Ray Nutt PDG, Fathom: Les documentaires sont un excellent exemple du modèle économique de Fathom. Nous donnons vie à un contenu qui ne serait pas vu autrement en salle en en faisant un événement. “; Ils ne vieilliront pas, ”; “; Emanuel, ”; et “; Le mur de l'aube ”; sont quelques exemples récents qui traversent des genres très différents (militaire, inspiration et sport, respectivement) et qui ont tous fait leurs preuves. Nous avons creusé de l'espace dans notre calendrier de programmation à venir pour montrer plus de contenu documentaire dans les salles de cinéma.

Michael Tuckman: La diminution des critiques locales n'est pas nouvelle, mais c'était un film qui ferait l'objet d'une revue de presse dans la plupart des grandes publications. Cela n'arrive plus autant. En conséquence, les distributeurs prennent des fonds publicitaires qu'ils auraient pu dépenser pour ces points de vente et les utilisent à la place pour de la publicité numérique ciblée. Et soyons réels: y a-t-il un meilleur retour sur investissement lorsque vous ciblez votre démo avec la précision que permettent ces publicités? Mais ce qui en résulte est un système où nous ne faisons que poursuivre nos bases et ne pas discuter de la culture sur des médias largement partagés. Cela crée également un cercle difficile pour les exploitants: si la couverture médiatique locale ne soutient pas ces films, ils ne font pas aussi bien au box-office, et il est plus difficile d'ouvrir ces films à l'avenir - et plus faciles à prendre un septième ou huitième écran du nouveau blockbuster cette semaine-là.
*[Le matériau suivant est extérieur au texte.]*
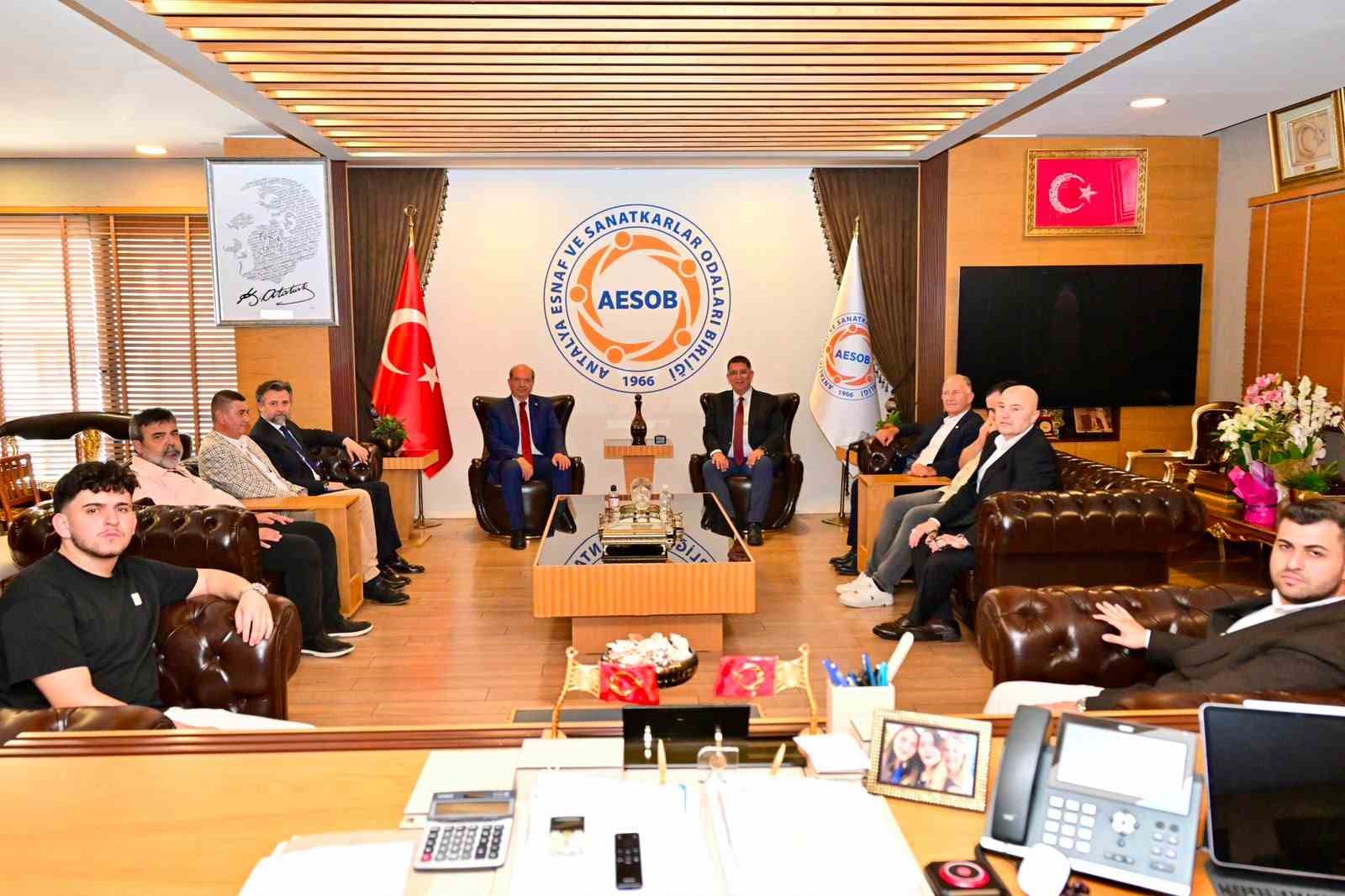 Ersin Tatar: "Türkiye ile KKTC arasındaki kardeşliğin en güçlü temsilcilerinden biri esnaftır"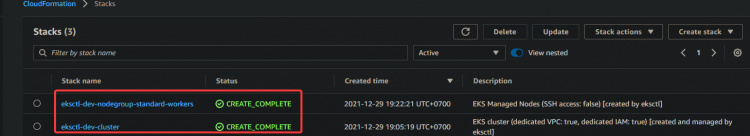 Comprobar el estado de tu pila de desarrollo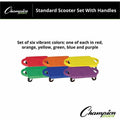 Champion Sports Standard Scooter Set w/Handles, Purple, 1 Set, CSIPGHSET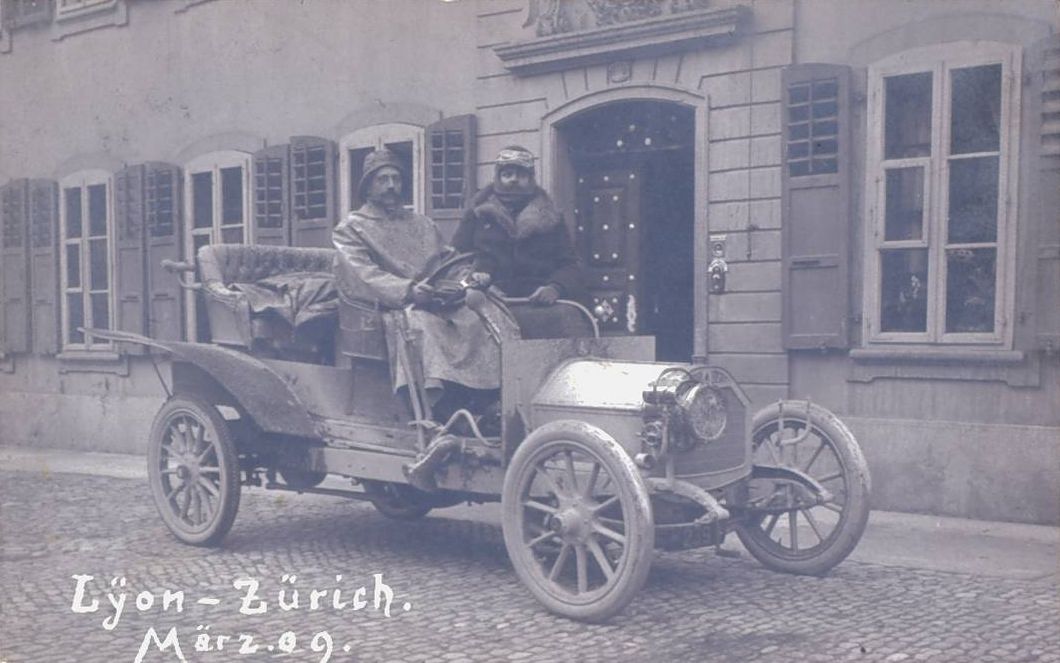 Lyon-Zürich - März 09 : carte postale NB (1909, cote 4FI_3851)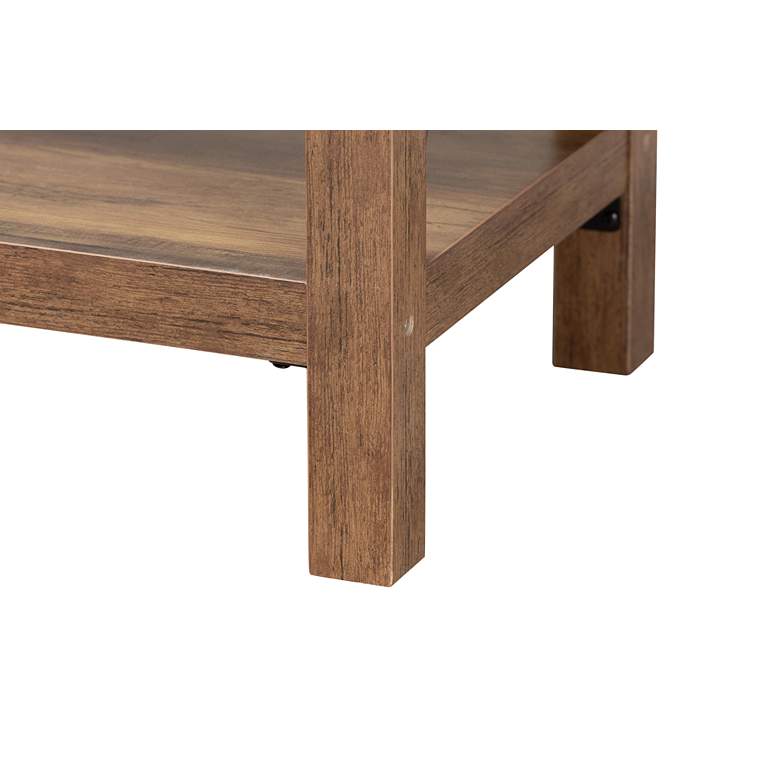 Image 4 Rumi 39 1/2" Wide Natural Brown Wood Console Table more views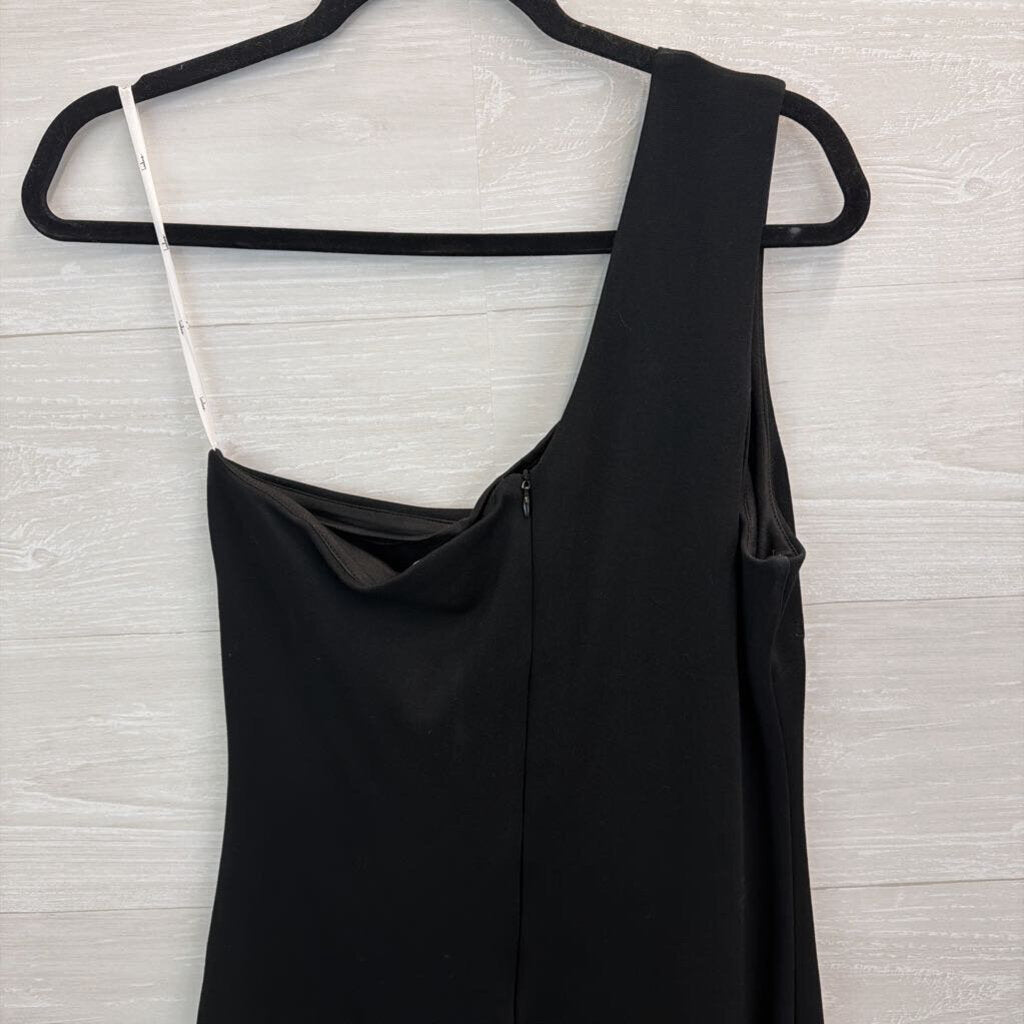 Lulus Black One Shoulder Dress Medium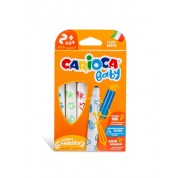 Carioca Baby Marker Pack de 6 Rotuladores - Punta Redonda y Bloqueada - Cuerpo de Gran Dimension - Superlavables - Dermatologicamente Testados - Color Varios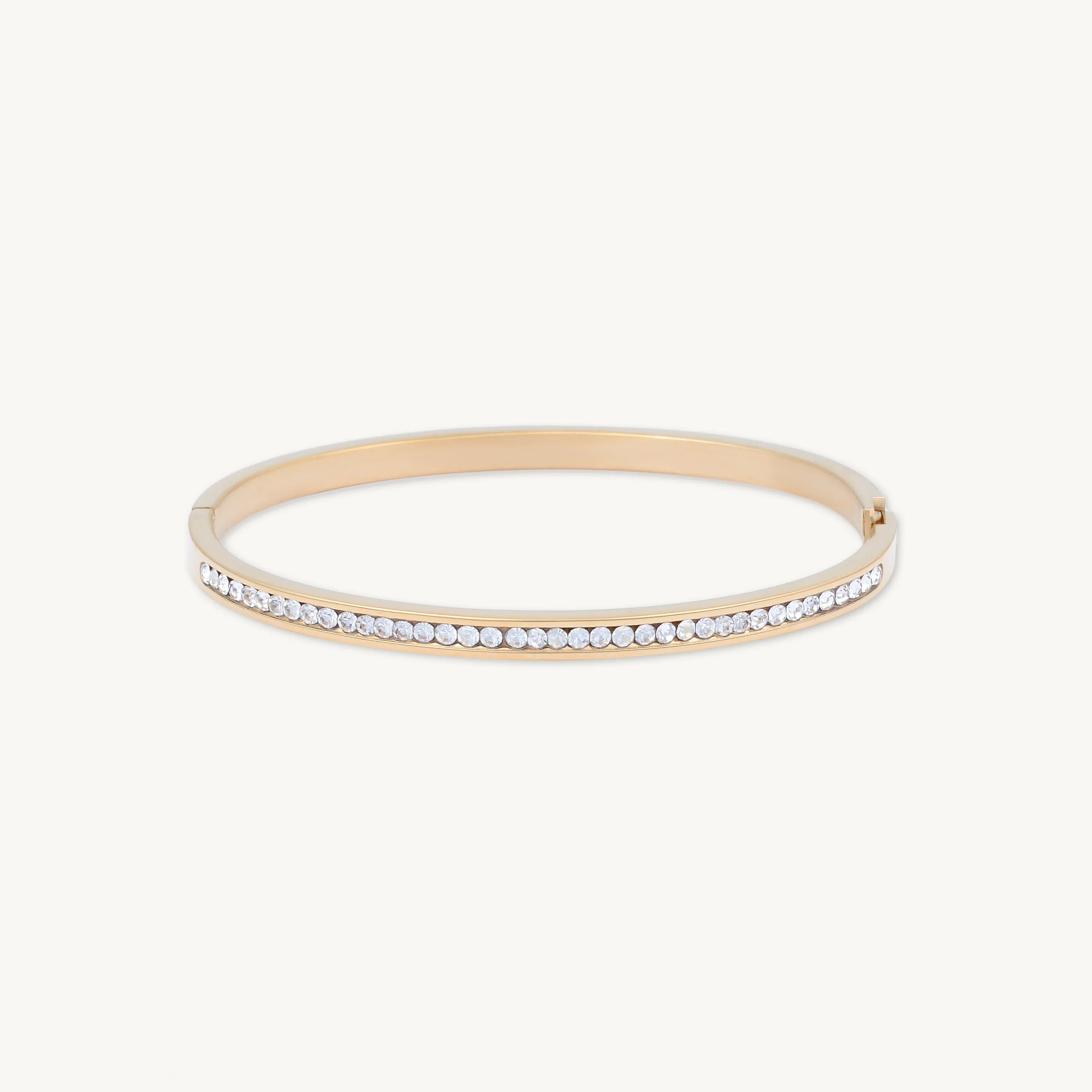 Sapphire Hinged Bangle Bracelet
Joana Vicente: L'assaut de grandes quantités de contenu, combiné avec de grandes plates-formes ’; curation personnalisée, il est presque impossible de découvrir de nouvelles voix grâce à la distribution traditionnelle. Il devient de plus en plus difficile de tomber sur un film qui finit par changer sa vie.

meilleurs acteurs de moins de 30 ans

Eric Hynes: Depuis longtemps, je pense que le modèle que nous devrions envisager est celui des festivals de cinéma, où les gens sont souvent très enthousiastes à propos du nouveau, désireux de prendre des risques et de participer à la culture cinématographique. Et je ne parle pas de New York. Je parle de petites villes du monde entier où le cinéma reste passionné et vital, et il ne s'agit pas de prévisualiser le nouveau film Avengers. Le public est là-bas. Le public ne dicte pas que tout n'est pas théâtral. Cela leur a été imposé par des préoccupations commerciales qui ne concernent pas du tout leur expérience - ou leur passion pour la culture cinématographique -.

Dennis Lim: Il y a clairement quelque chose dans le cinéma qui fait ressortir la rhétorique apocalyptique. Combien de fois les films sont-ils censés être morts maintenant? Il s'agit de l'invention que l'un de ses inventeurs a déclaré être «sans avenir». et qui a fait face à des menaces existentielles successives de l'arrivée du son, de la télévision, de la vidéo domestique, de la technologie numérique, de la consolidation d'entreprise, etc. Et la cinéphilie, si vous croyez Susan Sontag, est morte depuis longtemps et enterrée.